Work instructions -> Omit all pictures and transcribe only the lines in the entries below that run from the line with "Parmesan Crusted Cod" through the line with "Gray sofa in".
[[ Dataset records open ]]
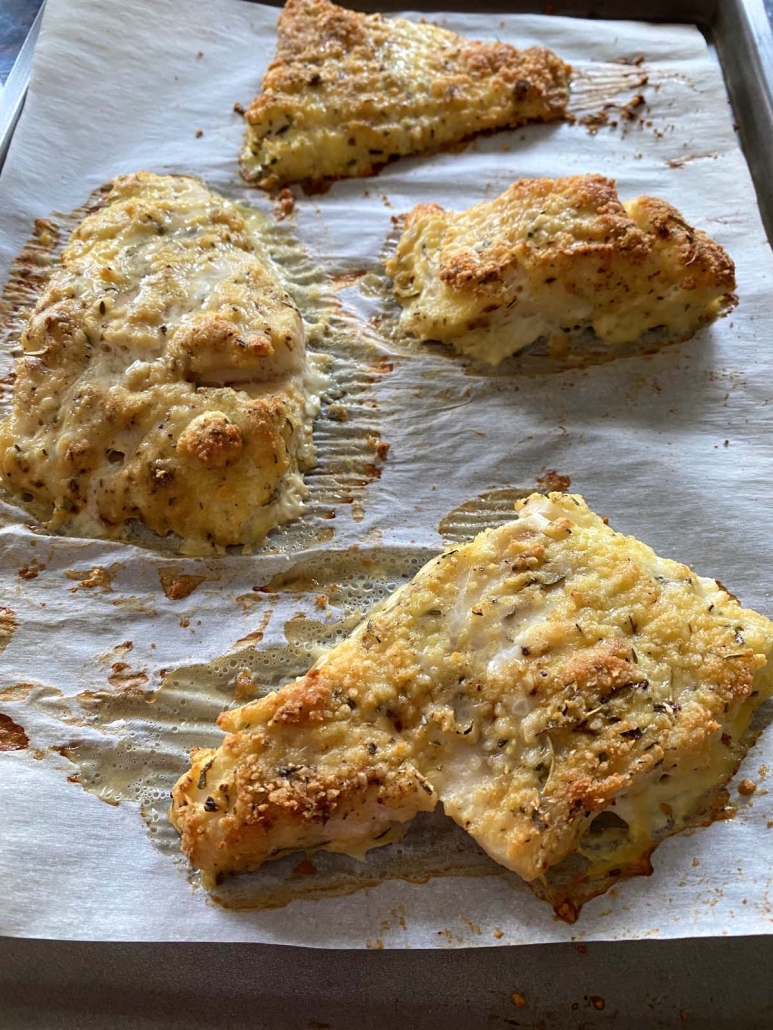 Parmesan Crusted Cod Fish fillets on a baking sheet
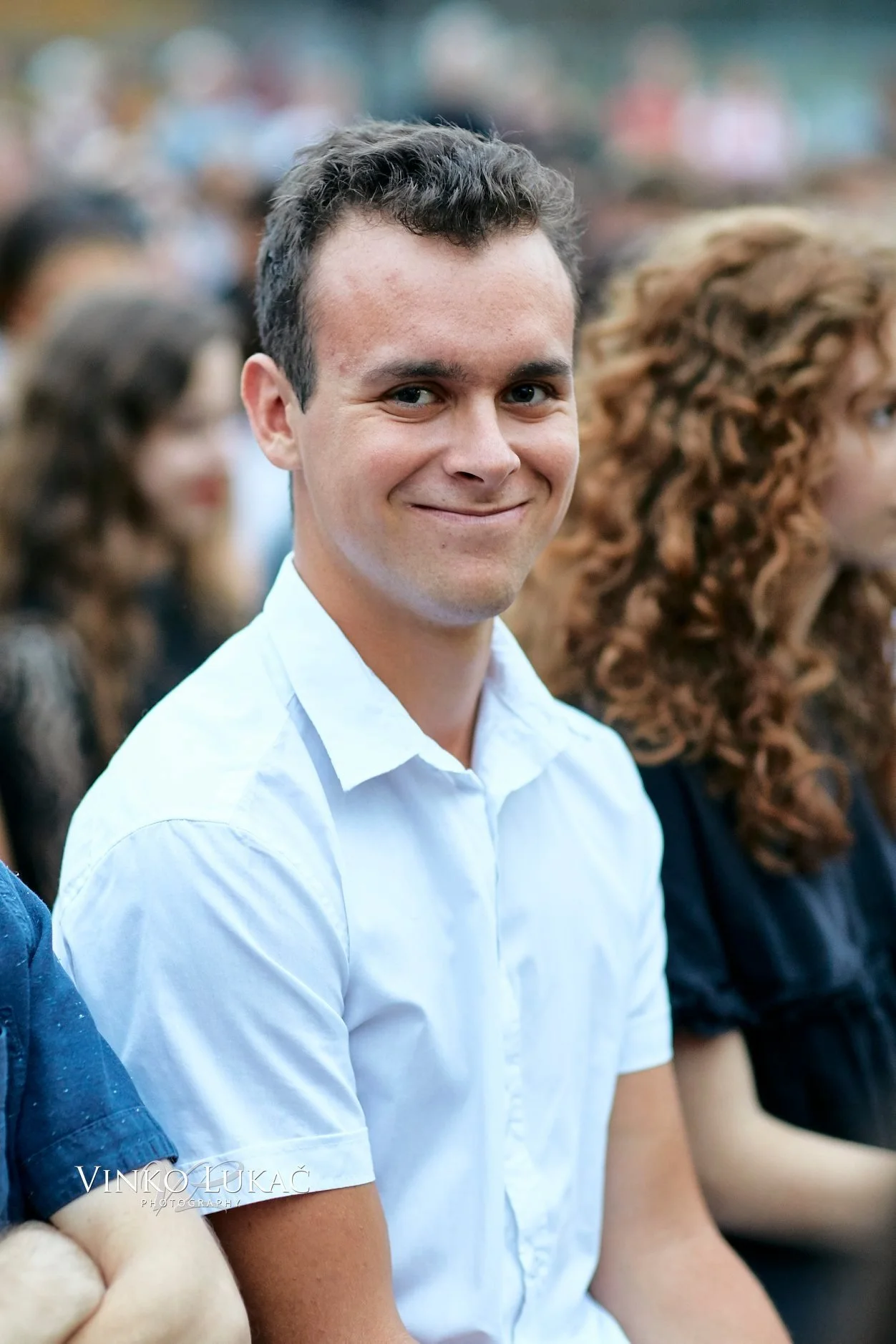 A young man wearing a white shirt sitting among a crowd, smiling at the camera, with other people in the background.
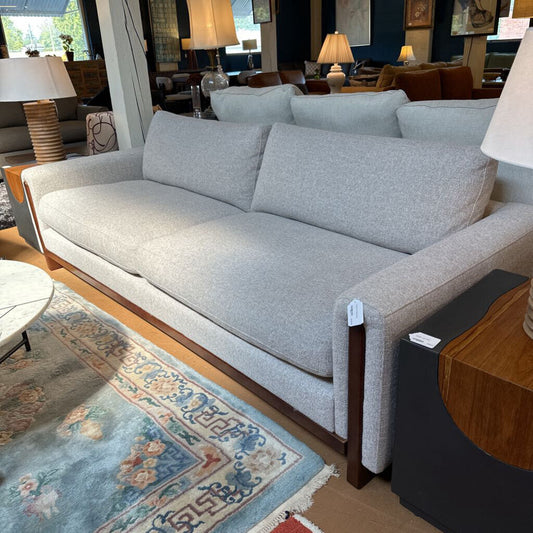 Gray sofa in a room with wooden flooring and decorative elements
[[ Dataset records closed ]]
[[ Dataset records open ]]
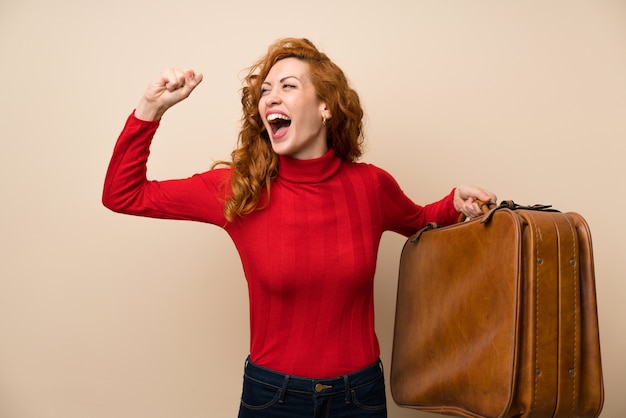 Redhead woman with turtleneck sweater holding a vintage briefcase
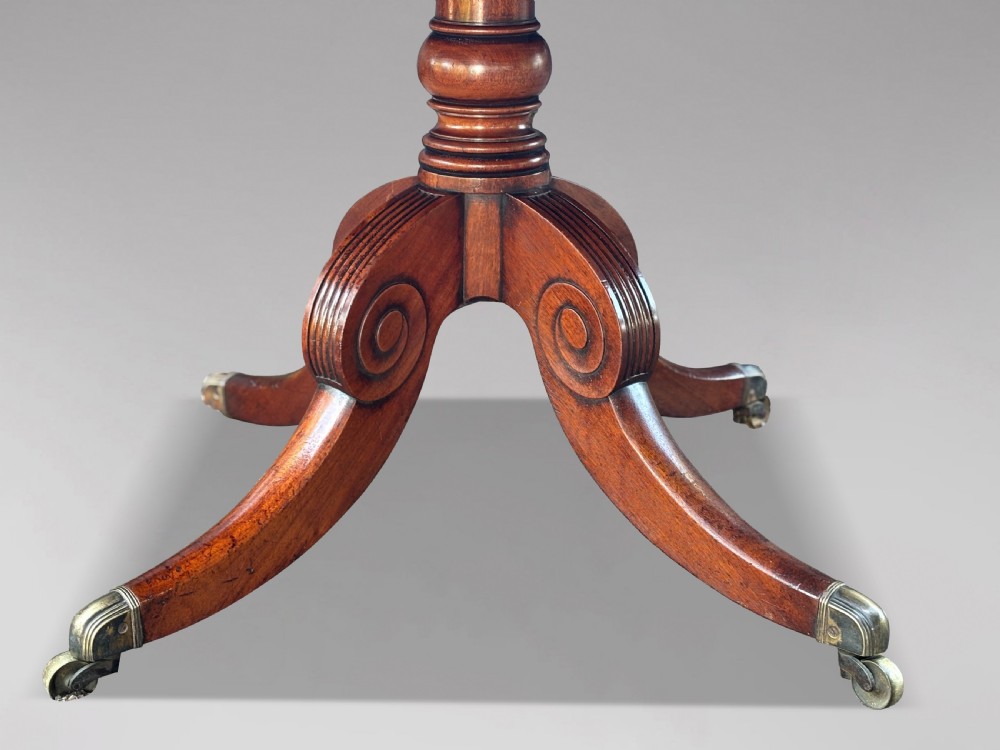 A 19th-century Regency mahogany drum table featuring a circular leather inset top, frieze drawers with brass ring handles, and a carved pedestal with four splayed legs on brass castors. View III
[[ Dataset records closed ]]
Completed task ->
 Parmesan Crusted Cod Fish fillets on a baking sheet
 A young man wearing a white shirt sitting among a crowd, smiling at the camera, with other people in the background.
 Gray sofa in a room with wooden flooring and decorative elements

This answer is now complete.